Joan’s fire trance broken, she looked over at him, the flames dancing across his face, making him look animated. “It’s not that I don’t believe you,” she hedged. “It’s just that I’ve never seen it myself. Just . . . just children, wandering alone or in very small groups, usually captured or killed by CIELs. They’d never allow tribes of adults to exist.”
He stared at her. He smiled. It really was a smile. But it didn’t indicate happiness, as it might have in some past. What he said next was stark and solemn: “If you don’t let me go back and tell them you are alive, I’m going to walk off of the edge of a cliff. Like the other boy.”
Joan stood up. Looked down at him. Miles did not flinch. He looked up at her, crossed his arms over his knees. “I will,” he said.
“You are not a captive here,” she said to him.

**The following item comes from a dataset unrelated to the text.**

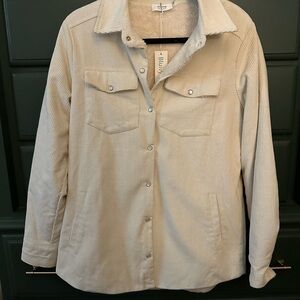 Women's Beige Corduroy Utility Jacket, NWT, Blue Ivy Brand, Size Small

“Your caring for me is the only thing holding me here.” He returned his gaze to the fire.
For weeks, she and Leone took turns guarding him day and night. If she could just help carry him through this delusion, Joan thought, he might come back to his senses and . . . live. Whatever that meant. But each day he became more withdrawn, sometimes standing and staring at her with a bundle of kindling in his arms, or emerging from an aqua cave pool naked and gleaming and wearing the last traces of corporeal boyhood.

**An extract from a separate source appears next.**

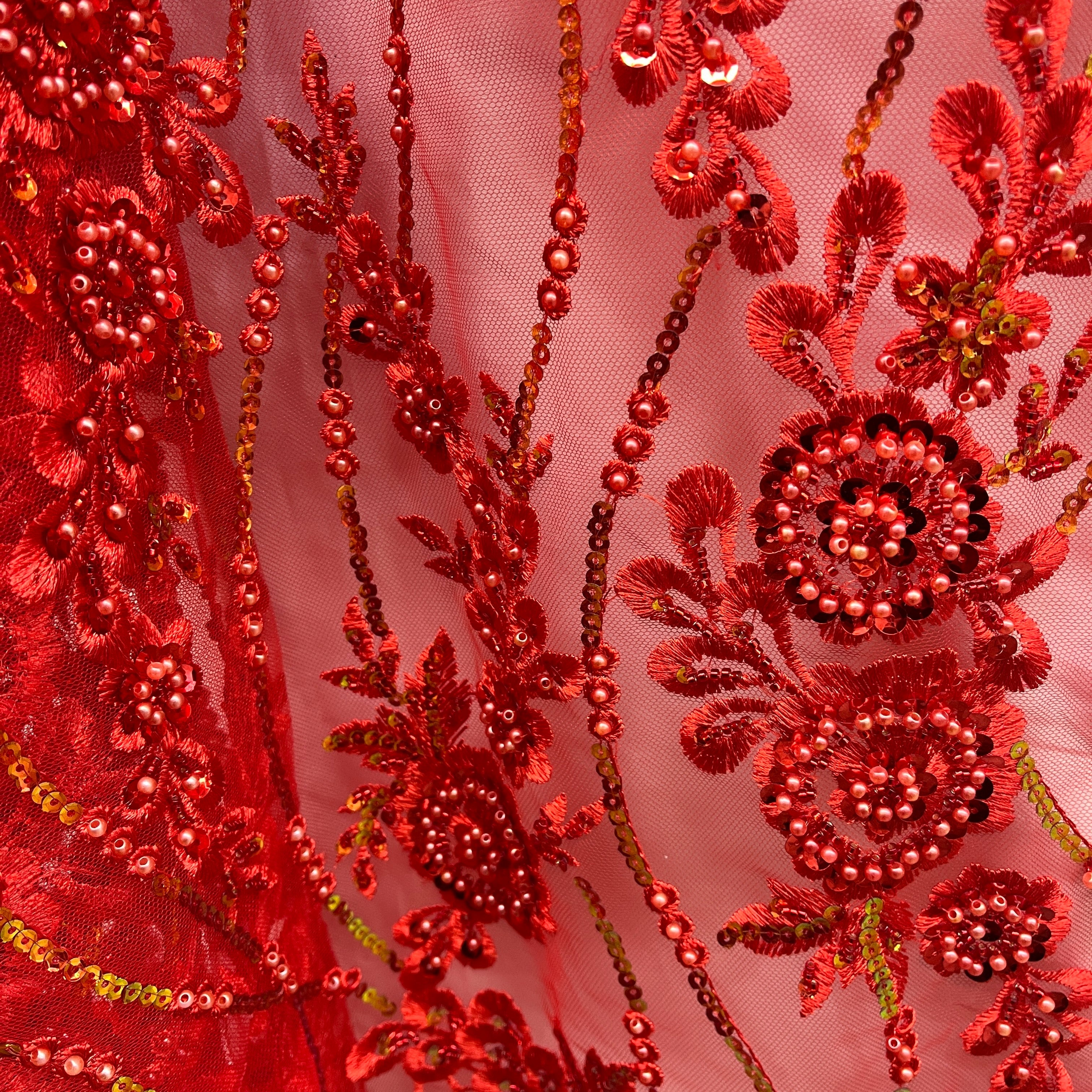 Beaded and Sequined Floral Sparkling Lace Fabric – Quinceañera, Evening & Dance| Lace USA - GD-2219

For weeks she and Leone argued.
“For Christ’s sake, let him go. He’s not a pet. He doesn’t belong to us. If he wants to walk away chasing some idiotic notion of wandering tribes, let him.” Leone cleaned her knife on the shin of her pants.
“He’ll die.”
“He didn’t die getting here, did he? And anyway, if he dies, it will be exactly as if he never came. Everyone”—Leone gestured in the air with her knife—“everyone out here dies. Someday, even us.” She put the blade briefly to her lips.
That night, again at the fire, Miles spoke again. “There are people waiting for you out there, you know. There are other boys and girls and men and women and others who are waiting for your help.” This time Miles stood.
“I’m no help to anyone,” Joan said, her voice filled with low storm. “You wouldn’t understand.”
“I’m going to tell you a story. You’ll like it. It’s about a girl who turns into a song.”
Joan’s head snapped up. Song?
“Once there was a child warrior girl,” he began. And when he was finished, Joan was crying.
In the end, Joan extended her hand and made Leone cut off her pinkie finger, as well as a lock of her hair. She wrapped the severed finger with the hair, then wrote a letter on paper she’d learned to make from hemp over the years. She still didn’t believe the boy, but she let him walk away; in his shoulders and scapula, she could see the man he would become, if he made it to manhood. She didn’t believe him, but she did believe in letting him have his story. To have a story was to have a self.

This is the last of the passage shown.